Packing books is an interesting activity for a homeschooling mother who is a bookworm. Every book I picked up and dusted I evaluated from the point of view of using as a teaching tool. I say “tool” because I don’t expect to be “teaching” every book or having my son read all the books his father and I own. But I do think about using books to demonstrate points. For example, if Jack continues with his fascination with Greek mythology I will at some point casually walk him past our Plato, Aristotle, Homer, Herodotus, tragedies, shelf and let him see that there were more historical characters in ancient Greece. If he shows interest I’ll take it from there.
And some books I just want him to be around even if he doesn’t read them. Let him pick up from the corner of his eyes those volumes of Chekhov, Tolstoy and Dostoyevsky. Let him see all of Shakespeare and Jane Austen in one place, or the many accounts of the French Revolution. Or let him see those rows of Trollope – and if he ever asks I will tell him how Trollope wrote on horseback on his business trips for the post office and that the idea of mailboxes on the corners of streets is his brainchild. Again, a place to start.
(I know I lose a lot of readers by writing about the classics. I apologize, but I’m going to write more.)
A couple of days ago I leafed through the two fat volumes of Don Quixote and Divine Comedy. I know very well that Dante and Cervantes are not the kind of authors you can force anybody to read. Frankly, I never finished Don Quixote when I was younger – it was too long and too infuriating. And The Divine Comedy is certainly rather esoteric. I packed the volumes with an inner sigh. “Will Jack ever read these – or Manzoni or Gogol?” I lamented.
(I apologize again. I really love this stuff and I want to share them with my kid.)
So last night a very good friend invited us to dinner. We met when our kids were in preschool and of all my newer friends she is the closest to me in intellectual interests. I described our new house to her and all the coincidences that led us to it. “You never find a house. The house finds you,” she said. I agreed. But it turned out that something else was also about to find us.
In the corner of her dining room there was a stack of books. “You must have these,” she said. Her son is a splendidly smart boy who is happily engaged with his school and increasingly enamored of tennis. She was a little disappointed that he wasn’t interested in those books but we all know that her kid is as excellent and will be as accomplished as they come. Nevertheless I made a bet with her that some day he will come back to these books. I will hold them for him until that day.
The books…? A series under the title of “My Book House,” first copyright 1921, thirty-fifth printing 1953, edited by the famous children's author Olive Beaupre Miller.

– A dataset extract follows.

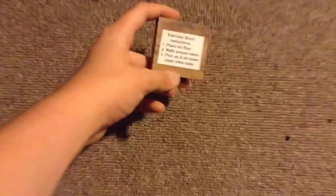Just follow the instructions. Place on floor. Walk around twice. Yeah, I'm walking. All right, that's once, and that's twice.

There are about a dozen volumes for elementary through high school “boys and girls.” The two volumes I have before me give you an idea. One is called “From the Tower Window” introducing children to epic literature from different cultures – Greek, Persian, Indian, Biblical, Nordic, Germanic, etc. – and legendary historical figures like Charlemagne and Joan of Arc. The other, “Halls of Fame,” introduces children to famous writers: Dante, Cervantes, Chaucer, Shakespeare, Goethe, Tolstoy, etc. The books are beautifully illustrated and just looking at the pictures and reading the captions is an engaging pleasure. I gratefully borrowed the books to explore with Jack while holding them in safekeeping for my friend’s son.
Now, these books are not very fun to read. The prose is pseudo-archaic and the “retold” stories are wordy and so densely told that they are sometimes hard to follow. But no matter. These books are amazing teaching tools. I will assign chapters for Jack to read on his own and study others together, augmented by the actual texts from which stories are “retold.” But great teaching tools are many. What struck me about this particular series is that I was reminded of two things. First, the cultural and intellectual content of children’s education was much richer in the past. And second, the cultural and intellectual content of children’s entertainment was much richer in the past. In other words, kids used to be brought up with excellent materials used for true Aristotelian purpose: to instruct and to amuse.
(Again, I apologize. I know I am often seen as old-world and “elitist.” People on the political right eye me with suspicion as ultra liberal, and people on the left dismiss me as reactionary and old-fashioned.)
While I was dusting and packing my books I mused over why I feel so strongly that my kid should be surrounded by Shakespeare and Dante and Dostoyevsky. I am certainly not going to force him to read anything he doesn’t want to. I am going to do my best to make great literature interesting to him but I know very well that real interest can never be forced on anyone. But what I am certainly shooting for is to get this message across to him: Art, culture, and intellectual pursuit EXIST.
I feel that the greater part of the culture in which our children are growing up now denies -- and denigrates – the greatest accomplishments of human beings throughout the world and throughout the ages. The books that found me at my friend’s house reminded me that this denial and denigration is a relatively recent phenomenon. Perhaps Disney and Pixar will not succeed in muting Homer and deleting Joan of Arc. Perhaps a restoration, even a renaissance, is in order. Perhaps we should start with kids.